:: EXERCISE DESCRIPTION ::
Look through the listing below for the string "wise". Show each line where it occurs.

:: MATERIAL SHOWN ::

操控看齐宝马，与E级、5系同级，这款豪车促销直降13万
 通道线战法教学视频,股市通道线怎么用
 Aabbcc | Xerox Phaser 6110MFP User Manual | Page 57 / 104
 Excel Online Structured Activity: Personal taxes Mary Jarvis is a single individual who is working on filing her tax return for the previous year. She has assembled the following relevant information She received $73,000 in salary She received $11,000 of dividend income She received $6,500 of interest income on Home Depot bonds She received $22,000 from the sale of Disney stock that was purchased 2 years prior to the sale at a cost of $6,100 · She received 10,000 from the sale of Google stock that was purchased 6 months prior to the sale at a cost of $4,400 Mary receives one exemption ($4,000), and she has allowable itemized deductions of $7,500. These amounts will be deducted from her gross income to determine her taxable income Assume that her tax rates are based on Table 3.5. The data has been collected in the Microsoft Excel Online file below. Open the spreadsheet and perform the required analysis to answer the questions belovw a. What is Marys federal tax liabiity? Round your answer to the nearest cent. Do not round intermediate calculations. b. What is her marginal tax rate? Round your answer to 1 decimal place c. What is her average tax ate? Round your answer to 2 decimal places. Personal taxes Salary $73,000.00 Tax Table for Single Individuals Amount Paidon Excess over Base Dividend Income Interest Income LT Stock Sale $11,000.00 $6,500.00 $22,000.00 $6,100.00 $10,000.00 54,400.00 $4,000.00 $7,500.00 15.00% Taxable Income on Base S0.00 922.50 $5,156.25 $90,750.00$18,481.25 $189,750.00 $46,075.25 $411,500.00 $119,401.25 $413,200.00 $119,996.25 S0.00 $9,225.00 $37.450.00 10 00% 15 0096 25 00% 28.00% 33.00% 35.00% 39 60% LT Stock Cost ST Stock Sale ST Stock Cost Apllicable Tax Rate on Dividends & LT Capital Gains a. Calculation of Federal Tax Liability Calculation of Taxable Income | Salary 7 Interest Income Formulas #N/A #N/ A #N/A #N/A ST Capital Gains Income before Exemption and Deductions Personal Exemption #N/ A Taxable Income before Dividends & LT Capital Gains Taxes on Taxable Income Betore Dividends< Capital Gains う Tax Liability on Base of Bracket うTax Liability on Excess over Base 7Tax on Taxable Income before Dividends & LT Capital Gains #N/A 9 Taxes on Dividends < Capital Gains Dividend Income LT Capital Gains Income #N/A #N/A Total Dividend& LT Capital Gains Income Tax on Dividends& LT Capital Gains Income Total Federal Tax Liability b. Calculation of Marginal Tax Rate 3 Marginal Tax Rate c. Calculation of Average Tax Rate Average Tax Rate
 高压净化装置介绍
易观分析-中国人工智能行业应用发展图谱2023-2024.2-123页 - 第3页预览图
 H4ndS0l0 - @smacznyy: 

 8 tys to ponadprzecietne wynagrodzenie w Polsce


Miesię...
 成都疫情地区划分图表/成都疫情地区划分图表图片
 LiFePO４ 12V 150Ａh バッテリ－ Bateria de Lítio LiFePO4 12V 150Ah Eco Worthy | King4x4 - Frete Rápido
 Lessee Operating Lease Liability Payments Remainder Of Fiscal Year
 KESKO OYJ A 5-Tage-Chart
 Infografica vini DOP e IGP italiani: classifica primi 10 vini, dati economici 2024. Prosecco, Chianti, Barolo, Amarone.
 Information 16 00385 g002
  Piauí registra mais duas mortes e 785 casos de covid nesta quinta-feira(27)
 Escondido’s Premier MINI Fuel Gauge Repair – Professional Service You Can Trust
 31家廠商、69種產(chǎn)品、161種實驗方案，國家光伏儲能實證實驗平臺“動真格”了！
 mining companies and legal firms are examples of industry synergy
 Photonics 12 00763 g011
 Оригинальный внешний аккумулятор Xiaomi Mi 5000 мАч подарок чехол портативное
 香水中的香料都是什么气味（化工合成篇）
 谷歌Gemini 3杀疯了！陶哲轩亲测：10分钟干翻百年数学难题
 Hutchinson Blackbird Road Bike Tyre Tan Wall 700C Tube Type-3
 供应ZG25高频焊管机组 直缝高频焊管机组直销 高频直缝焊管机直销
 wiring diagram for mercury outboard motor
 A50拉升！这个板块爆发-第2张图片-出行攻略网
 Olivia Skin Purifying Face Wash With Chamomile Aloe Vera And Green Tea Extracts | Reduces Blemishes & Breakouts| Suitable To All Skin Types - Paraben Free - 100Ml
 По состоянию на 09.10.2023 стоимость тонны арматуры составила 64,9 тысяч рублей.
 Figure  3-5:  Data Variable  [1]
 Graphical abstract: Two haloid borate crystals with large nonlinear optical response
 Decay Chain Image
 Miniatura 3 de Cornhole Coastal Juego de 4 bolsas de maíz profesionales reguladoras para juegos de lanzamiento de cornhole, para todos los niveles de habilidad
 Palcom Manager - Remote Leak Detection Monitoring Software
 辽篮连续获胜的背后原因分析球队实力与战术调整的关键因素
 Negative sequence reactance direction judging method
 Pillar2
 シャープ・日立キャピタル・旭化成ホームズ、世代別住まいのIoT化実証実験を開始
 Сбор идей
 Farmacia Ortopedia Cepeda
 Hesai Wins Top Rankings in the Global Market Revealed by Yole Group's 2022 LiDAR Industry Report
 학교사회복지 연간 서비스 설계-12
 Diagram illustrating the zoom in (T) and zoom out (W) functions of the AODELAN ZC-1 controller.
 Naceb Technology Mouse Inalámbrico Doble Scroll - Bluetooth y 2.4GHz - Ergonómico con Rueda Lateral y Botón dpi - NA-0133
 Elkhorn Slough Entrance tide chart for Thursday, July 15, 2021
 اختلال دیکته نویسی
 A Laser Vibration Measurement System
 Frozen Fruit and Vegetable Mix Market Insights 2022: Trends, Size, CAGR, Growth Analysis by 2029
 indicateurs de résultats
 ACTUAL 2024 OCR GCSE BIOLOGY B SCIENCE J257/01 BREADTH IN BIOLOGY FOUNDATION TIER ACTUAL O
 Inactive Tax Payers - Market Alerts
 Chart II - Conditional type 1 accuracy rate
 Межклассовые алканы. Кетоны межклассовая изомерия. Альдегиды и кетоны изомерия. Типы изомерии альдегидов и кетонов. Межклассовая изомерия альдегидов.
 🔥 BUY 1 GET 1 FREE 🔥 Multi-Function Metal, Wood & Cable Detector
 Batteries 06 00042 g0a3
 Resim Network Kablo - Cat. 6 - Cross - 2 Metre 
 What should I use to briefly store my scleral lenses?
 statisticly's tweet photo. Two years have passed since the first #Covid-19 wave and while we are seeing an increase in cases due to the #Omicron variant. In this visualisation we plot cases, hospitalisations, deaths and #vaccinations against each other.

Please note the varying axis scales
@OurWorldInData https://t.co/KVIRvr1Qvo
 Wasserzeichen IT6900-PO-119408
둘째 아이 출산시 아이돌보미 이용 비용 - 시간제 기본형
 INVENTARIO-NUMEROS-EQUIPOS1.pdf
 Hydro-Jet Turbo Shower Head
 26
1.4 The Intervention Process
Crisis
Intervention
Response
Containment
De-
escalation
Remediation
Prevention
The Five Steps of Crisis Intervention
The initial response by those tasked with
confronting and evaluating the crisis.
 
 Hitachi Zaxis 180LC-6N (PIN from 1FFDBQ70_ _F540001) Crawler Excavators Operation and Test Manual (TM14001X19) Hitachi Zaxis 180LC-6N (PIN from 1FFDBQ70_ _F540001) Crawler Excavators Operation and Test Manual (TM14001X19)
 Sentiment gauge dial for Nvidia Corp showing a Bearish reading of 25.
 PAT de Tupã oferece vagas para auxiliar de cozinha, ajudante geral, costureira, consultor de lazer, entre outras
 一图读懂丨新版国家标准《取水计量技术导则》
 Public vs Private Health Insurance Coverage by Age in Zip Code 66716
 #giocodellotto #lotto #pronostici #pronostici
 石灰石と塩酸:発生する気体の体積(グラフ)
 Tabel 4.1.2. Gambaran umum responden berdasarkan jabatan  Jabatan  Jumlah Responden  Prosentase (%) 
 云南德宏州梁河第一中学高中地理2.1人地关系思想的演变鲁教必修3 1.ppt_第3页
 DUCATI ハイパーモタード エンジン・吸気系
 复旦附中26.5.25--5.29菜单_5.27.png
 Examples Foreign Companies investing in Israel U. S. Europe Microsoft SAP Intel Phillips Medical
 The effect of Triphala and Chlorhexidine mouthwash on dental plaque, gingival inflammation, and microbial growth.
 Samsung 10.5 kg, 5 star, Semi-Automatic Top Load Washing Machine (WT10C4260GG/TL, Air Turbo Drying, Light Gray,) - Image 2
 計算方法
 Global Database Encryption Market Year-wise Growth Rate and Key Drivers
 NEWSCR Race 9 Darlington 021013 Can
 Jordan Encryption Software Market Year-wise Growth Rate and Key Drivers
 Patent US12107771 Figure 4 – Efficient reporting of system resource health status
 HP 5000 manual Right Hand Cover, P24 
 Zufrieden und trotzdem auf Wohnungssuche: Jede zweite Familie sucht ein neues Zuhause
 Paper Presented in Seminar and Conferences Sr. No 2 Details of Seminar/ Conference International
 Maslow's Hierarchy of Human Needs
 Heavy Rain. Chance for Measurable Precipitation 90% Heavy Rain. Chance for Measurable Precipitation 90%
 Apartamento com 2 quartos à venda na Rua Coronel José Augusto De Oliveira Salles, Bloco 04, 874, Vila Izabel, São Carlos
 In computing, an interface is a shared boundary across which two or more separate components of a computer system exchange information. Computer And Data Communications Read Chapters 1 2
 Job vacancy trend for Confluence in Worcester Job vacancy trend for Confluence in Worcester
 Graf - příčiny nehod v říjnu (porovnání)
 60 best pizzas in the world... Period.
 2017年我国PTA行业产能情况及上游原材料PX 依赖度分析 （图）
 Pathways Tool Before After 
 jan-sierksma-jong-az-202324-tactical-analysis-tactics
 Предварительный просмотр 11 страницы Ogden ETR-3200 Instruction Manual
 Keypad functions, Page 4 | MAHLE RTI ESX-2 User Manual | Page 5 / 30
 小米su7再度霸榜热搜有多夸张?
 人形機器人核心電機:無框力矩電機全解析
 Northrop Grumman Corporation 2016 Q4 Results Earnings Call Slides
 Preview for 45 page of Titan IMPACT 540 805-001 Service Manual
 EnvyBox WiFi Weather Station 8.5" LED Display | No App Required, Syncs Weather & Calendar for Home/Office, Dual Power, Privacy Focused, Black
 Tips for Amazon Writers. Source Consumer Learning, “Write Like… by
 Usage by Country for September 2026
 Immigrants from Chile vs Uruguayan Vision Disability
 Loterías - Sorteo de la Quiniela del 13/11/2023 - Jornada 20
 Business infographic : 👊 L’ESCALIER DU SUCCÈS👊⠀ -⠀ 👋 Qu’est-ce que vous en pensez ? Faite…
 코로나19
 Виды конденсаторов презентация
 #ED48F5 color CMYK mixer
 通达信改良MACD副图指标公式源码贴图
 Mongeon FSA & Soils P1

:: TASK RESULT ::
 Global Database Encryption Market Year-wise Growth Rate and Key Drivers
 Jordan Encryption Software Market Year-wise Growth Rate and Key Drivers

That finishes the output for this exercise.